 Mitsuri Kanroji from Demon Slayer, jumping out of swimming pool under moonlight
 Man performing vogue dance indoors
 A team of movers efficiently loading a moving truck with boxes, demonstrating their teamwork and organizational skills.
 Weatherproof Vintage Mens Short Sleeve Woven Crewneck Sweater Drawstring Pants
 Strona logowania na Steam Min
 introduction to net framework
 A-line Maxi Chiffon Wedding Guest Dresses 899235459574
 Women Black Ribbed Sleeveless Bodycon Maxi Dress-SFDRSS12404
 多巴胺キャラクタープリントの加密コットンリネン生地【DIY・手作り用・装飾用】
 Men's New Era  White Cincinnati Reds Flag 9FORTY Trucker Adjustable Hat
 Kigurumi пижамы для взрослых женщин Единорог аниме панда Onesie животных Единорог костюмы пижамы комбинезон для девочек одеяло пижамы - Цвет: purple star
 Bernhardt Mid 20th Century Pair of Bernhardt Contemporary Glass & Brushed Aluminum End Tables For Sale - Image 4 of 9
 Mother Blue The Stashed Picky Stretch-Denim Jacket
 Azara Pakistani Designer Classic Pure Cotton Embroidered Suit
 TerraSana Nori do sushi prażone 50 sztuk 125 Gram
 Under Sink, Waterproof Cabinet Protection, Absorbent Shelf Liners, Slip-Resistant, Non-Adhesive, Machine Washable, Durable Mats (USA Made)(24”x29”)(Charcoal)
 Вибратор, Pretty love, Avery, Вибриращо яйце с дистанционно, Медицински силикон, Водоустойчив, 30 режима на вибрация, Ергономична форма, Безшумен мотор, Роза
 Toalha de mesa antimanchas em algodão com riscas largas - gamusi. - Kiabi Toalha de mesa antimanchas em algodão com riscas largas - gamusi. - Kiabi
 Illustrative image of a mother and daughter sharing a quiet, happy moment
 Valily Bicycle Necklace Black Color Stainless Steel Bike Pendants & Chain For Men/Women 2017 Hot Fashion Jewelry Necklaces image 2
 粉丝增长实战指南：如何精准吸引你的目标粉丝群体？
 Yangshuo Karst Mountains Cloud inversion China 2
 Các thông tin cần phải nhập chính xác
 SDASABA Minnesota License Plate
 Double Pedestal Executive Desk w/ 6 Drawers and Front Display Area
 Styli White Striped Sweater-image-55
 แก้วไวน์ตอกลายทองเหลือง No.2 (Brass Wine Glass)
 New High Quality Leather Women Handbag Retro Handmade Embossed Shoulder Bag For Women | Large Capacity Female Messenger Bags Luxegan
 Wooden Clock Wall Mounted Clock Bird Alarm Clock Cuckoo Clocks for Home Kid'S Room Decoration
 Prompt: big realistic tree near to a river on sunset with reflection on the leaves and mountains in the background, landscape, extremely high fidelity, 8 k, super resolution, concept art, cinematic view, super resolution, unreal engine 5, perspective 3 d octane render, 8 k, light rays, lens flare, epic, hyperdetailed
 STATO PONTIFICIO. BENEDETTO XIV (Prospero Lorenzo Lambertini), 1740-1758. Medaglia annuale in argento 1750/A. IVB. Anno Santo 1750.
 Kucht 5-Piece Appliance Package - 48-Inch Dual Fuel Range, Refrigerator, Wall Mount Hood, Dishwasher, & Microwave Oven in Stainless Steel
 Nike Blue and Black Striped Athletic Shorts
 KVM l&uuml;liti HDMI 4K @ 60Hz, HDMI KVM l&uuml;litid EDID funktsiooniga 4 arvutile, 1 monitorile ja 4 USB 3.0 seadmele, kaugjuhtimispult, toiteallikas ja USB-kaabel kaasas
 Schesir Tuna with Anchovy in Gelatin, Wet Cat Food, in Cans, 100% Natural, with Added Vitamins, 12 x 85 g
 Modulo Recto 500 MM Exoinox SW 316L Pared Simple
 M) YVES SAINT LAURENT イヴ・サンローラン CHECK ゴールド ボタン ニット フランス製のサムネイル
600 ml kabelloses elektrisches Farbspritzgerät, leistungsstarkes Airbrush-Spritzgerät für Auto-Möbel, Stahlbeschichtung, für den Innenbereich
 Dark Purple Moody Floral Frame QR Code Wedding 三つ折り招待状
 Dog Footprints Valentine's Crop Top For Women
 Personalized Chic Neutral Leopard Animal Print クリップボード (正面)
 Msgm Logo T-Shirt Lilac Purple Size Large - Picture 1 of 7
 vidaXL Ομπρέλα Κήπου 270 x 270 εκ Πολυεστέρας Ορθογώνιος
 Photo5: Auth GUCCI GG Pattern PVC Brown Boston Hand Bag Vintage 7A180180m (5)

══════

■ Problem requirements ■
Look above for the line holding "Yangshuo Karst Mountains" and the line holding "แก้วไวน์ตอกลายทองเหลือง No.2 (Brass", then output exactly those two lines and every line between them, nothing more.

■ Answer box ■
 Yangshuo Karst Mountains Cloud inversion China 2
 Các thông tin cần phải nhập chính xác
 SDASABA Minnesota License Plate
 Double Pedestal Executive Desk w/ 6 Drawers and Front Display Area
 Styli White Striped Sweater-image-55
 แก้วไวน์ตอกลายทองเหลือง No.2 (Brass Wine Glass)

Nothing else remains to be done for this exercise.